Benvenuti nella città invisibile, ma non silente!

La città invisibile è una contraddizione in termini. Se una città esiste, con le sue case, le strade, i lampioni, gli abitanti, come può essere invisibile?! La città invisibile però c’è: è dentro ognuno di noi. Le fondamenta delle sue case sono quello che abbiamo costruito fino ad oggi, le nostre esperienze passate, gli avvenimenti della nostra vita. I mattoni delle case sono i nostri sogni, le aspettative, le speranze, tutto ciò che vorremmo fosse, domani, presto o tardi che sia.
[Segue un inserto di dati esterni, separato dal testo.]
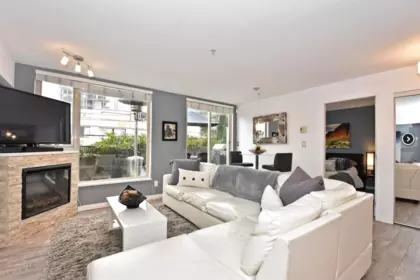 202 3089 Oak Street, Vancouver, BC, Vancouver — Apartment/Condo for sale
Le vie della città invisibile sono i nostri pensieri, che si ramificano innervandosi e collegano case, ponti, quartieri, costituendo una fitta rete di scambi e connessioni. La città invisibile è lo spazio vivo in cui ognuno si sente quello che è, ed è libero di esprimersi, di sognare, di dire “no”, persino di creare mondi diversi, realtà parallele: con la speranza che quel tesoro invisibile custodito dentro ognuno di noi possa rappresentare la fiaccola del cambiamento e si riesca a passarne, tutti insieme, il testimone. La via per riuscirci, a mio parere, è quella indicata da Italo Calvino: “cercare e saper riconoscere chi e cosa, in mezzo all'inferno, non è inferno, e farlo durare e dargli spazio".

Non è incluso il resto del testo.